Erfgoedvrijwilliger Oliver Gee: “Het is heerlijk om nieuwe dingen te leren”
Door Lisette Eindhoven
Bij Erfgoedcentrum Zutphen werken vele vrijwilligers. Elke maand vertelt een van hen wat dat voor hem of haar betekent. Deze keer spraken wij met Oliver Gee. Hij zorgt er bij team archeologie voor dat foto’s op de juiste plek in de database terecht komen.

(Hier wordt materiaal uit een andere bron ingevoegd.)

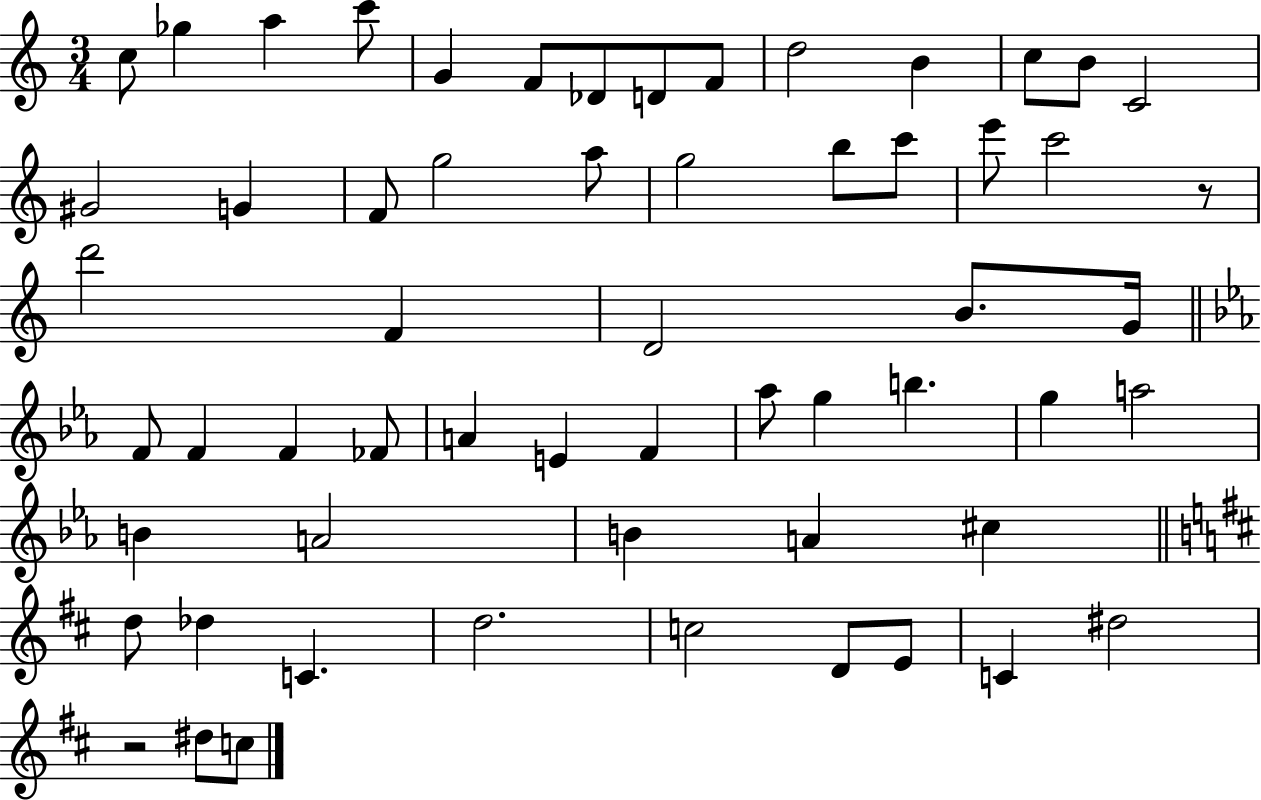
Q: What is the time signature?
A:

In zijn jeugd vond Oliver Gee het altijd al leuk om bij opgravingen te gaan kijken. “Dan ging ik ‘s avonds nog een keertje langs om te zien wat er boven de grond was gekomen”, zegt Oliver. Op een lezing van Michel Groothedde sprak hij hem aan. “Er bleek geen archeologische vereniging te zijn, maar er waren wel veel vrijwilligers nodig.”
Koppelen
Om naast zijn baan als docent Nederlands en zijn promotieonderzoek naar negentiende-eeuwse literatuur iets heel anders te doen, begon Oliver anderhalf jaar geleden als vrijwilliger bij team archeologie. “Ik heb gepuzzeld met aardewerk en ik heb bij een paar opgravingen meegekeken. Nu koppel ik foto’s van vondsten aan de beschrijvingen in de database. Dat ligt me wel.” Op zijn bureau liggen de voorwerpen en een lijst klaar waarop onder meer de opgravingscode en een fotonummer staan. “Die voorwerpen zijn al ruim twintig jaar geleden opgegraven en beschreven, maar ze zijn pas onlangs gefotografeerd en ik koppel dat nu aan elkaar.”
Duimafdrukken
“Je komt echt allerlei dingen tegen, ik leer heel veel. Inmiddels weet ik de benaming van de onderdelen van een zakhorloge en dat elk onderdeel van een scharnier zijn eigen woord heeft.” Het oudste object waar Oliver mee heeft gewerkt was enkele duizenden jaren oud. “Dat was een groot weefgewicht van klei, bedoeld om de draden van een weefgetouw op zijn plaats te houden. Er stonden duimafdrukken in van de makers, waarschijnlijk als versiering. Een voorwerp aan te raken dat iemand 3500 jaar geleden in de grond heeft gestopt: daarbij voel ik de historische sensatie. Misschien is het een onderdeel van een offer, of een ritueel afscheid. Maar of dat echt zo is?”
Ontspanning
Tijdens het gesprek probeert Oliver wat glasstukjes aan elkaar te passen die op een grote tafel liggen. “Anderen zijn hier veel beter in”, lacht hij. Ook loopt hij even mee met een andere vrijwilliger die bezig is een bosje wilgentakjes schoon te maken en te conserveren. “Er is altijd wel iemand die je bij praat over een vondst.” Oliver vindt het werk met de database tot nu toe het interessantst. “Ik speur graag in de computer en het is leuk om gegevens met elkaar te combineren. Als ik uit mijn werk kom, heb ik te weinig tijd om veel te doen, maar hier in Zutphen kan ik echt ontspannen. Het is heerlijk om nieuwe dingen te leren, school kan soms best een sleur zijn.”
Mispelbloemen
Oliver laat een zakje met vreemdsoortige rotsblokjes zien. “Dit zijn slakken, een restproduct uit de middeleeuwse ijzerproductie. Elke slak is apart beschreven en ik koppel de juiste slakkenfoto aan de bestaande beschrijving. Dat betekent heel goed kijken en vergelijken.” Oliver pakt een andere vondst op en bekijkt het met behulp van de gemaakte foto van verschillende kanten. “Het is ontzettend leuk om zo dichtbij iets uit het verleden te zijn en uit te pluizen wat je precies in handen hebt.” Na wat speurwerk vindt hij de juiste beschrijving. Het is een lakenlood met een afdruk van een zwaard tussen twee mispelbloemen, uit de veertiende eeuw. “Mooi hè!?”